On Sunday, the Lions won in Chicago for the first time since 2007. That six-year wait doesn’t really compare to the franchise’s other road losing streaks.
Detroit hasn’t won at Green Bay since 1991. Likewise, the Lions hadn’t beaten Washington on the road since Washington was in Boston, way back in 1935. Detroit ended that 78-year rut earlier this year.
And as the Lions prepare to return to Pittsburgh, they’ll be trying to end a streak that just celebrated its 58-year anniversary: November 13, 1955.
Bobby Layne (pictured), who’d later apply a curse to the Lions after being traded to Pittsburgh, served as quarterback for the Lions that day.
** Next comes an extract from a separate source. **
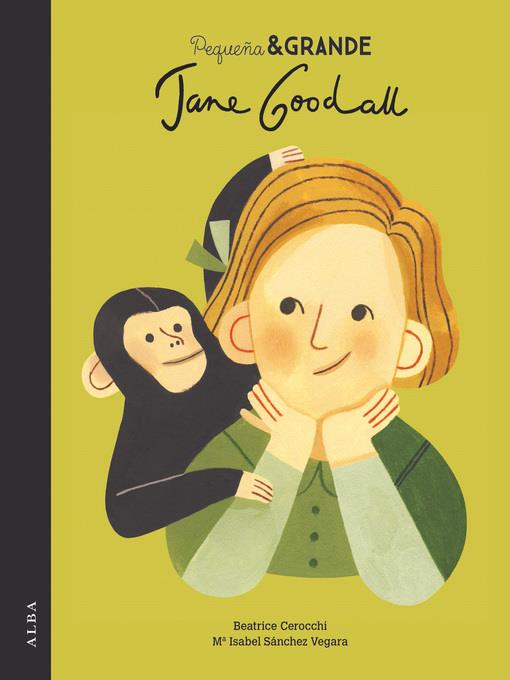 Pequeña & Grande Jane Goodall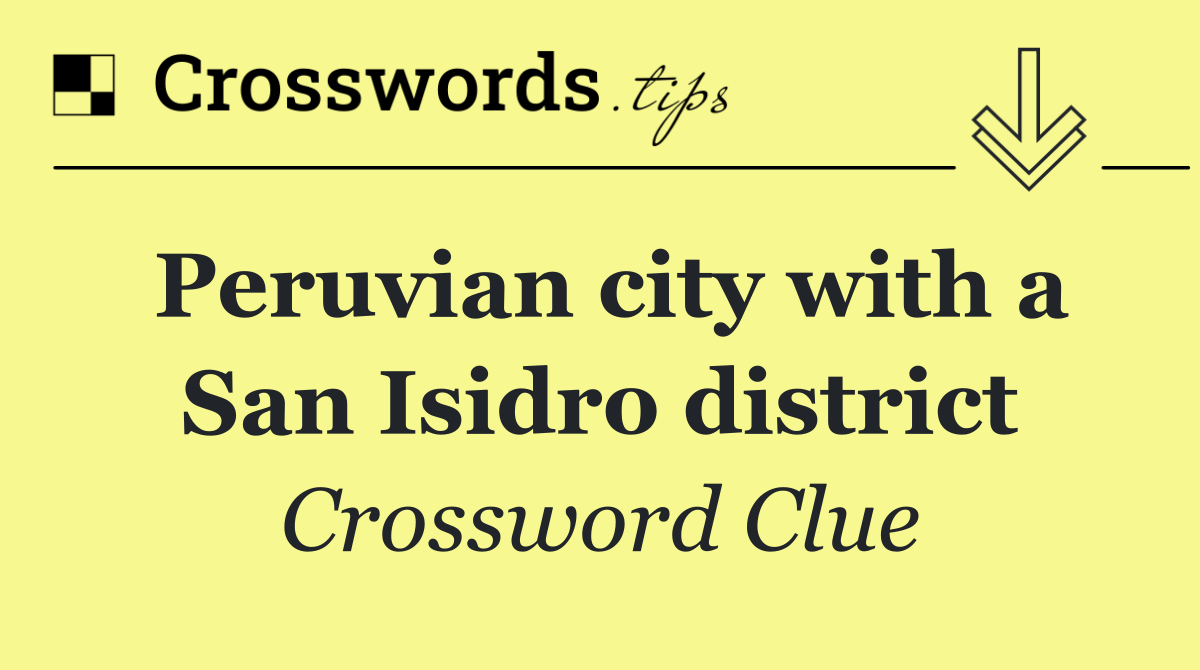 Peruvian city with a San Isidro district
But Ted Marchibroda nearly led the Steelers back from a 17-point deficit, trimming the score from 31-14 to 31-28.
Dick LeBeau, now the defensive coordinator for the Steelers, wouldn’t arrive in Detroit as a player for four more years. In his rookie year of 1959, the Lions and Steelers played to a 10-10 tie in Pittsburgh.
Since then, the Steelers lead the overall series, 11-3. The Lions won by the score of 45-7 in 1962 in Detroit, 45-3 in 1983 in Detroit, and 19-16 in overtime on Thanksgiving Day in 1998, thanks to Phil Luckett’s heads-I-win-tails-you-lose coin flip call.
This year, the Lions have a far superior team. But the Steelers have shown that they still have plenty of pride, and LeBeau could have a little extra motivation when facing perhaps for the last time the team with which he spent 14 seasons as a player.